“Did you know James was in the ER last night?” my suitemate asked. That’s never something you want to hear, but it’s even worse when James shared the department with a possible Ebola patient.

Then she delivered the punch line: “I was with him until 3 a.m. and then walked him home.” I was two feet from someone who possibly had been exposed. “You should have seen all the health care workers putting on masks when the patient came in!” My stomach dropped. “Oh, and they told everyone with young children to leave without explaining why.” Not what I wanted to hear at 4:30 p.m. on a Thursday.

I slept in another suite that night. Luckily, it was a false alarm. I breathed a sigh of relief the next day when the Center for Disease Control and Prevention confirmed the negative test result.

But it shouldn’t have come this close. We should not have had to wait with bated breath. The United States, with its global reach and excellent health care system, should be putting itself in a position of safety. Thirty other countries have enacted travel bans, and the SADC, an African inter-governmental organization, is monitoring travelers from Ebola-affected countries for 21 days and discouraging travel to member countries.

But we’re sending our citizens into the hot zone and not taking the necessary precautions when they return. I applaud those willing to give their lives to aid those in need of medical care. They are truly selfless. But a selfless mission should not conclude with the selfish act of bringing Ebola back to the United States. Your decision to expose yourself is your decision. Do not impose that decision on innocent bystanders in the everyday walkways of our cities and airports. Do not endanger your own families or ours.

Health care officials insist that Ebola can only be transmitted through bodily fluids. This is true. But sweat and sputum are bodily fluids, easily spewed into the air or wiped onto surfaces. And with a 70 percent mortality rate. Ebola can live for several hours on a dry surface and for six days in bodily secretions. An infected man coughs on the handrail at Grand Central, and every hand that touches it afterward gets the Ebola virus.

That’s not a risk I’m willing to mess with. Not with that disease, where death is as likely as heads or tails.

What should we do about all of this? One thing’s for sure: self-isolation and self-monitoring just aren’t cutting it. The Texas patient lied on his intake forms to get back into the States, though he’d helped carry a woman dying of Ebola into her house. The nurse who treated him got on a plane to Cleveland, with the CDC’s permission. A doctor traveled all around New York City until twelve hours before coming down with Ebola. He should have known better.

At the end of the day, we’re risking ourselves through inaction. We haven’t imposed a 21-day quarantine on everyone returning from the affected countries. It’s only on health care workers, and even then the government is backing down after a few complaints. Make quarantine livable but make it mandatory — for everyone. The entire problem in West Africa is that health care workers aren’t the main ones with the disease. It’s rampant in the population, and much of the spread comes from West Africans’ skepticism about governments and health care.

Screening at five distinct airports is woefully inadequate. We already saw with patient zero how easy it is to lie about your exposure risk, or just take Tylenol and eliminate fever detection. Screening does nothing to prevent people returning with the virus and bringing it to our cities. And what good does it do the world for the greatest source of humanitarian aid, the United States, to get hit with the epidemic at home? Who, then, will be helping the world, when there is no one left unmarred?

What we need is a travel ban. Without it, people will continue traveling to West Africa and returning travelers will contaminate commercial airliners. That’s the fastest way to spread Ebola, if we’re looking for one.

We imposed a travel and immigration ban on foreigners with HIV for more than 20 years — it just ended in 2010, having ruled the skies since Ronald Reagan. So why can’t we implement a travel ban for commercial airliners to West Africa? Allow health care workers to travel with charter flights and do their part in saving the world. Even with a travel ban, these charter flights can be tracked. But with a travel ban, ordinary citizens will be free from having those health care workers’ risky choice imposed on them. One man should be able to risk his life for others; he should not be able to risk a hundred peoples’ lives, without asking them, and without them even knowing.

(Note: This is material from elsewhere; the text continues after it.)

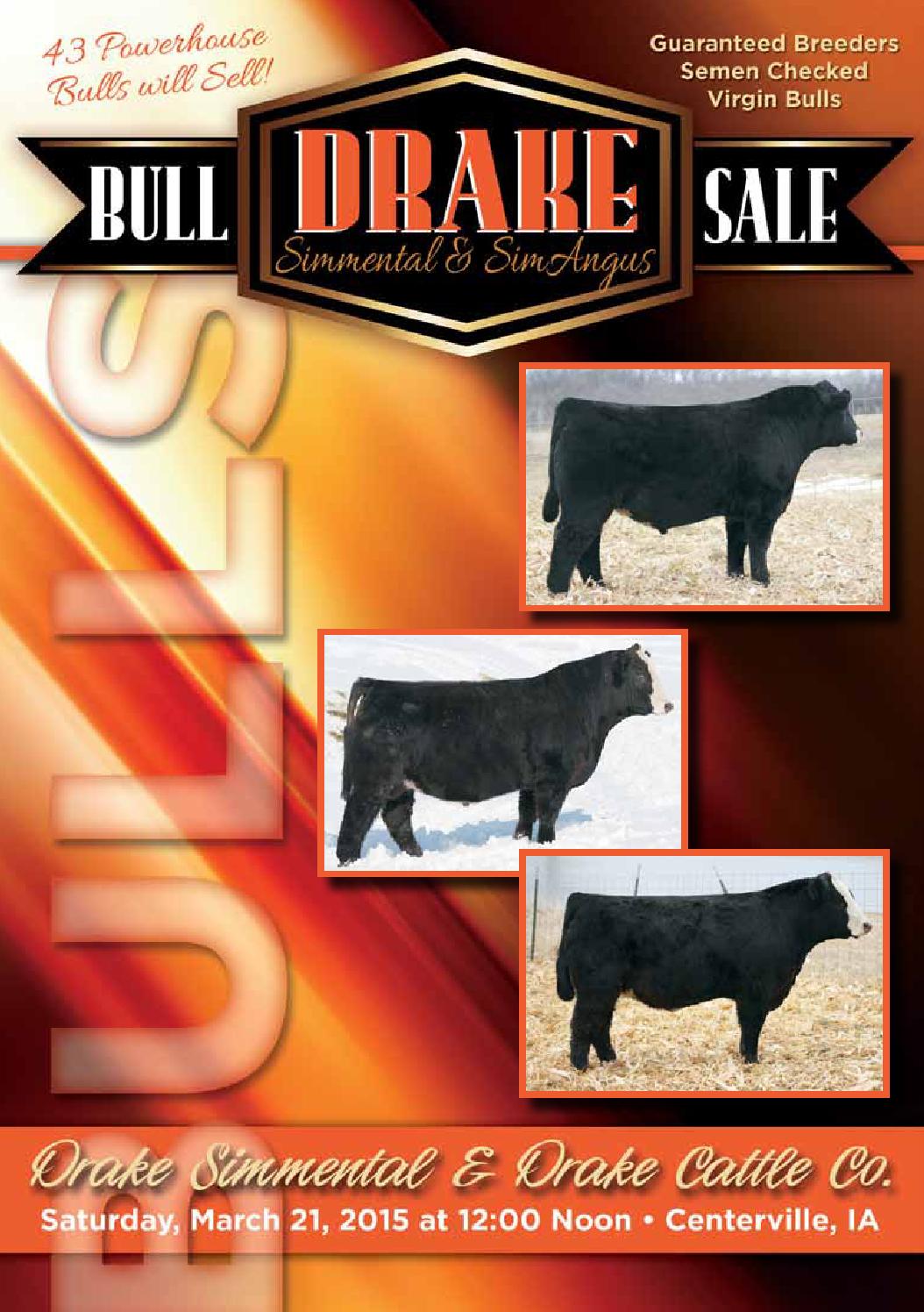 Drake Bull Sale Catalog 2015 by Eberspacher Enterprises Issuu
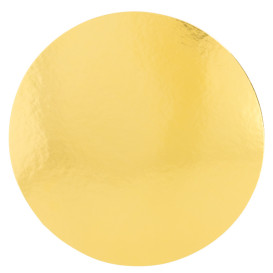 Disco di Carta Oro e Bianco 260 mm (100 Pezzi)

Raleigh Cavero is a senior in Saybrook College. She was a YTV editor for the Managing Board of 2015. Contact her at raleigh.cavero@yale.edu.

Correction: Nov. 7

A previous version of this column incorrectly referred to the Southern African Development Community (SADC) as the SAFC. It also mistakenly stated that the inter-governmental organization is a federation of African states. The column also incorrectly stated that the SADC had instituted a mandatory 21-day quarantine on all travelers from West Africa. In fact, the SADC member states are monitoring travelers from Ebola-affected countries for 21 days.